My young son got to the Millionaire Estates first because he had mysteriously spun tens almost the entire game.  His spin kept “not taking” except for when it consistently scored a ten.  Throughout the game he’d been entrusted to not lose his fortunes when paying bills and acquiring money in tens, even hundreds of thousands of dollars.  But for him the best part was at the end.

He quickly mastered the art of skip-counting by half-millions even though he often claims his daily first grade homework of skip counting by fives or tens is just too stressful.  Sure it is!  If you’re not getting paid to do it.   He counted and handled LIFE money the way politicians handle our money The game of LIFE is always more fun when playing with OPM (other people’s moolah!) to accomplish your goals; the results are secondary to the joy of spending it.   Like GAO accounting procedures, it’s not even worth counting if it isn’t first followed by at least six zeroes.

At the end of the game, we all experienced temporary happiness as we counted our stash:   a million, a million five hundred, a million seven hundred fifty etc.  Perhaps that may be the closest we ever get to counting numbers that high related to real life finances.    At the end of the game, my husband “won” but only by five thousand dollars.  My little boy had two million, seven hundred and seventy thousand dollars.  And hubby had exactly that plus one extra five thousand dollar bill.  Just one wrong move somewhere probably cost my son the game. 

Towards the end, he once spun the dial on my turn before I had a chance to see what number I had spun.  “HEYYYYY!” I shouted, “Watch it!  That can change the whole outcome of the game!”  And indeed it did.  For the next ten turns (I’m NOT kidding here) I landed on every expense known to exist.   I drifted from one crisis to the next railing against the unfairness of the greedy rich just inches away from me.    I had my turns skipped multiple times and the rest of my family inherited all the LIFE cards while I got nothing.   I lost.  Big time!  And then when it was all over, I reread the rules just in case we had missed anything.
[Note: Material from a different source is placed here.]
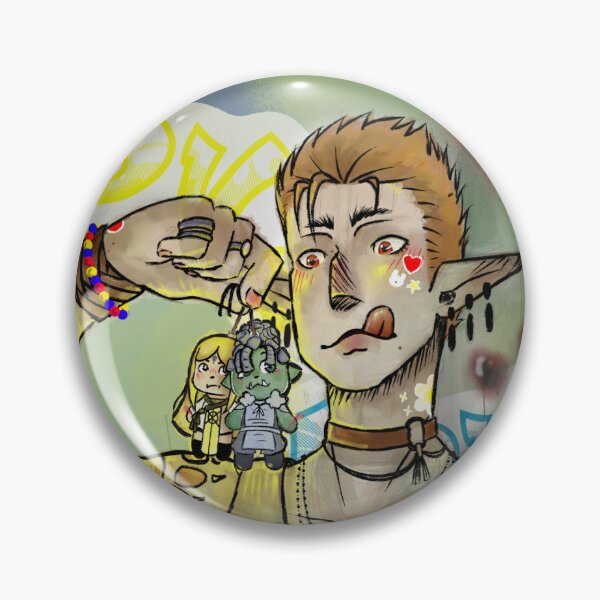Item preview,   Handsome Modern Elf Holding Chibi Keychains designed and sold by inked pigeon.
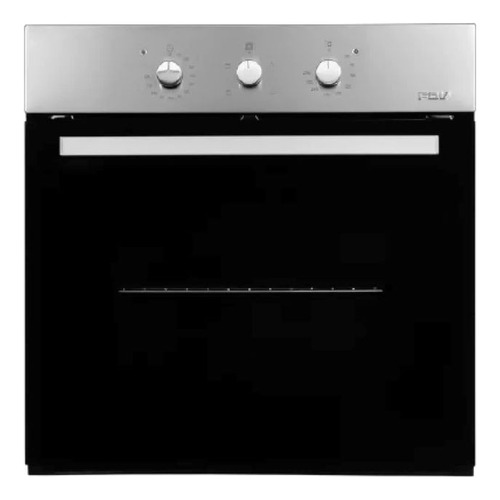 Horno empotrable eléctrico FDV Design 52L negro/acero 220V-230V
We did.  I wanted to cry foul but it was too late.  In LIFE and in life, there are no do-overs.  Since I was the policeperson, I had forgotten to collect $10,000 every time a certain someone had spun a ten.  That alone would have given me an extra hundred grand no doubt.  I had forgotten to plan for my future and buy stock, as did every one else.  My oldest son lost almost as spectacularly as I did, perhaps because he played by proxy and had allowed a seven year old to represent him.  You can’t win if you don’t play the game. 

Finally, as the game ended and reality beckoned with dirty dishes waiting and teeth that need brushing and jammies that needed filling, I realized I had finally spent my most valuable currency very wisely after all:

TIME

    In the end all the money we had tried so desperately to accumulate during the game of LIFE just got put back in the box.  It was all meaningless.  But the time we had spent laughing, competing, journeying across the land, and just being a family?  Well that was the best night we had spent in a long time.  These are the moments that pay eternal dividends.  And that you can bank on!